Importantly, 83% of self-identified democrats are in favor of legalizing cannabis, and republicans don’t have the votes it takes to block the legalization of cannabis in the U.S.
Sundial Growers is a Canadian cannabis company, what does all this have to do with them? Everything!
Should the United States legalize cannabis for recreational use on a federal level, SNDL, like other Canadian cannabis growers, will be able to export their products to the country, the one that just so happens to represent the largest economy in the world.
If the United States legalizes cannabis, it will likely open a flood of revenue for SNDL.
Retail Investors are Getting Behind SNDL Stock
Recently, the biggest topic of conversation in the stock market has been the Wall Street Bets Reddit. The group of millions of retail investors has led to short squeeze after short squeeze, sending plenty of stocks on significant runs for the top.
SNDL stock was one of the targets for Wall Street Bets Redditors, who have pushed the stock for gains in multiples as of late, squeezing the shorts out of their positions. As a result, Sundial Growers stock has benefited from more awareness of their existence and bullish control of their ticker.
The Financial Position Is Becoming Positive
A year ago, there were quite a bit of questions about whether or not SNDL would even make it financially. Hopes for buyouts before bankruptcy were common.
Today, the financial picture is very different.
Over the past several months, the management team has been working hard to repay debt and improve its cash position. As a result, it now has a compelling balance sheet, one that will help it should it make an entrance into the United States market.
What Analysts Think About SNDL Stock
While retail investors seem to love SNDL stock, analysts don’t necessarily share the same opinion. In fact, there are only two analysts currently weighing in on Sundial, one of which has a Hold rating on the stock, the other rates it a Sell. That’s right, there’s no Buy ratings to speak of.
In terms of price targets, the low is $0.20 per share with a high of $0.40 per share, representing the potential for significant declines.

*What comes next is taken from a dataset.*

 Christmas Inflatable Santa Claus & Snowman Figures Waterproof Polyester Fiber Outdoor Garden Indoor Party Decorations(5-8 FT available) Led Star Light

However, it’s important to keep in mind that these analysts have been covering the stock for some time and have not updated their coverage recently. So, these negative opinions make sense as they don’t take into account the improved cash position at SNDL.
Risks to Consider Before Buying SNDL Stock
If you’re going to invest in Sundial Growers, or any other stock for that matter, you’re going to have to be willing to accept risk. The fact of the matter is that there’s no such thing as a risk free investment. When it comes to SNDL stock, the most significant risks to consider include:
- A Speculative Bet. An investment in Sundial Growers is a highly speculative bet. At the moment, much of the value given in the company’s market cap is the result of a belief that the United States will legalize cannabis for recreational use. While there’s a good chance that this will happen, there are no guarantees, and if it doesn’t, SNDL stock could experience significant declines.
- Profitability. SNDL is not yet a profitable company. Should the company fail to reach profitability before its cash dries up, it may look to public markets as a way to raise funds, resulting in the dilution of existing shareholder value.
- An Arguably High Valuation. Many experts say the recent run in value has been the result of fear of missing out (FOMO), and that the valuation will come back to earth relatively soon. While this is yet to be seen, it is a possibility.
While there are risks to consider, those risks are starting to fade. After paying off debt and creating a compelling balance sheet, the management team at Sundial Growers has set itself in a solid position to take advantage of opportunities as regulatory changes take place around the world.
Moreover, with retail investor support behind the ticker, who knows just how high SNDL could go.